Exercise brief:
No pictures go in the copy; everything else in the records below must be output exactly.

=======

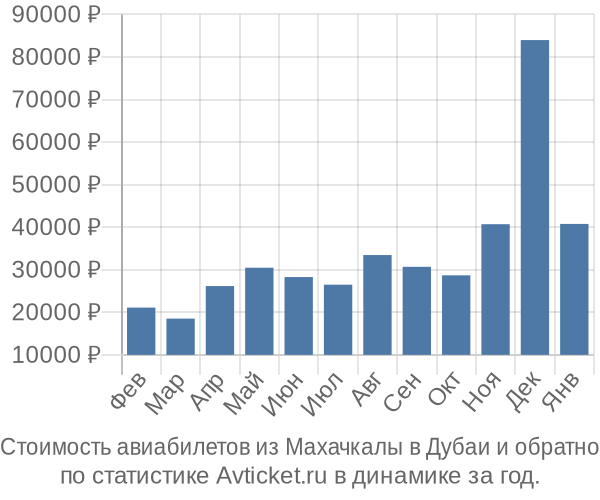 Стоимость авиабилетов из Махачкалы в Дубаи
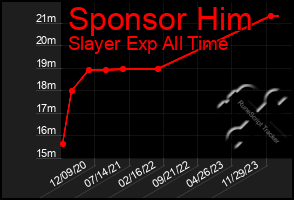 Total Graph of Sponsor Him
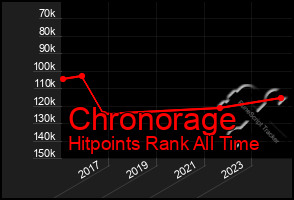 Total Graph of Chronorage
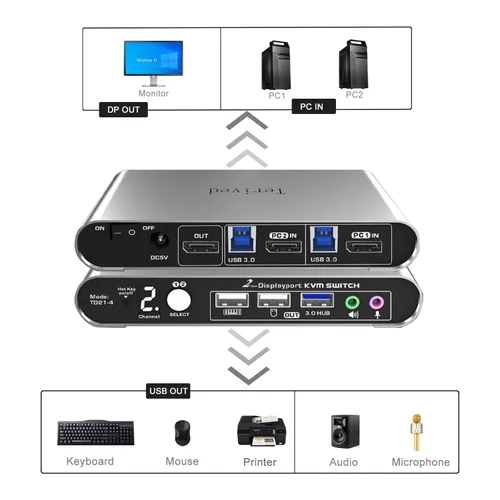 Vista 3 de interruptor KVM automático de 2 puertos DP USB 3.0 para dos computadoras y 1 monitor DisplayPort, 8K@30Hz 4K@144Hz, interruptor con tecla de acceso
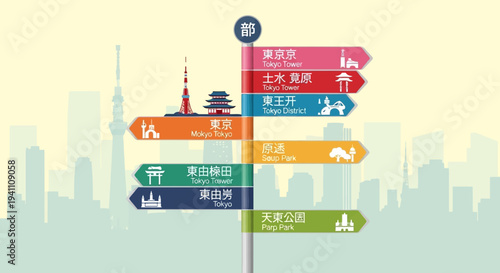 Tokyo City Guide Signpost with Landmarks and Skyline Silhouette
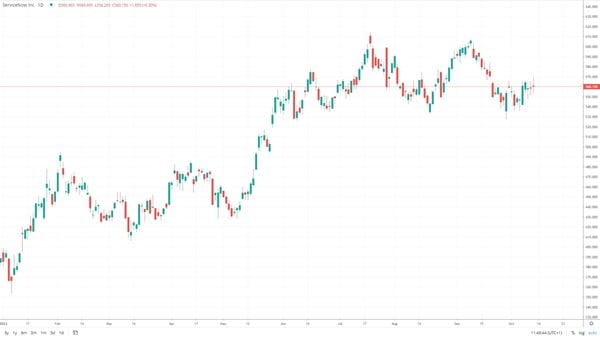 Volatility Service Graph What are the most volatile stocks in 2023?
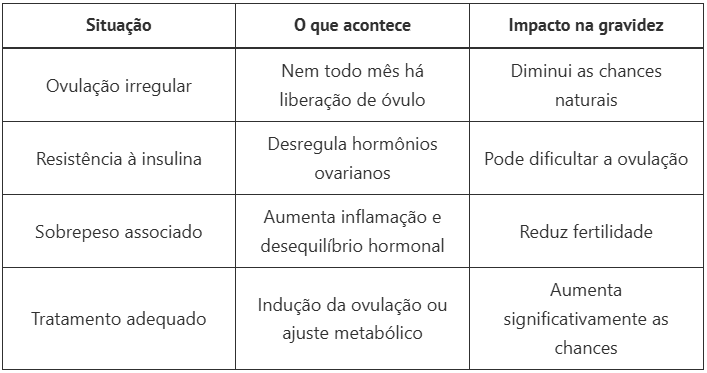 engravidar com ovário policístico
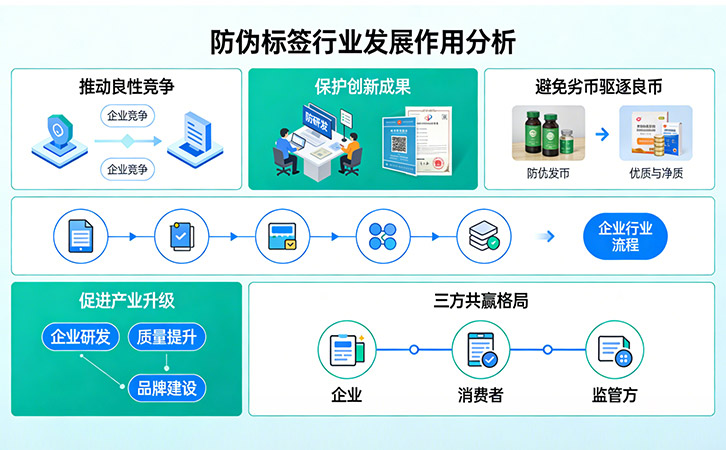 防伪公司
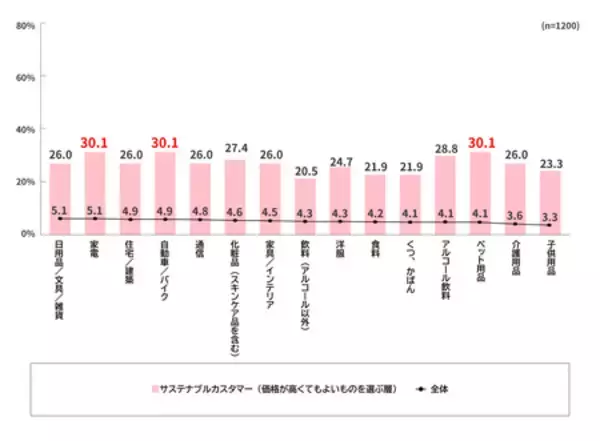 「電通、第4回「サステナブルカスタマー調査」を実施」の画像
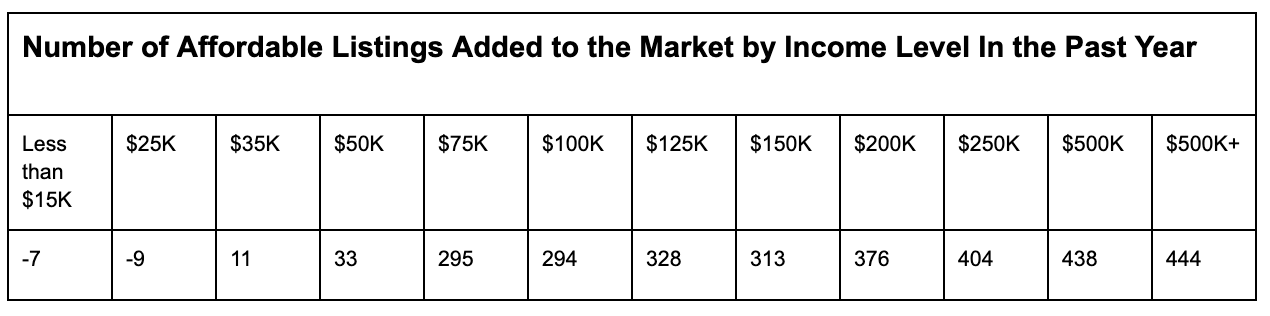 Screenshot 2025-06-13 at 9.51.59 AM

=======

Written reply:
 Стоимость авиабилетов из Махачкалы в Дубаи
 Total Graph of Sponsor Him
 Total Graph of Chronorage
 Vista 3 de interruptor KVM automático de 2 puertos DP USB 3.0 para dos computadoras y 1 monitor DisplayPort, 8K@30Hz 4K@144Hz, interruptor con tecla de acceso
 Tokyo City Guide Signpost with Landmarks and Skyline Silhouette
 Volatility Service Graph What are the most volatile stocks in 2023?
 engravidar com ovário policístico
 防伪公司
 「電通、第4回「サステナブルカスタマー調査」を実施」の画像
 Screenshot 2025-06-13 at 9.51.59 AM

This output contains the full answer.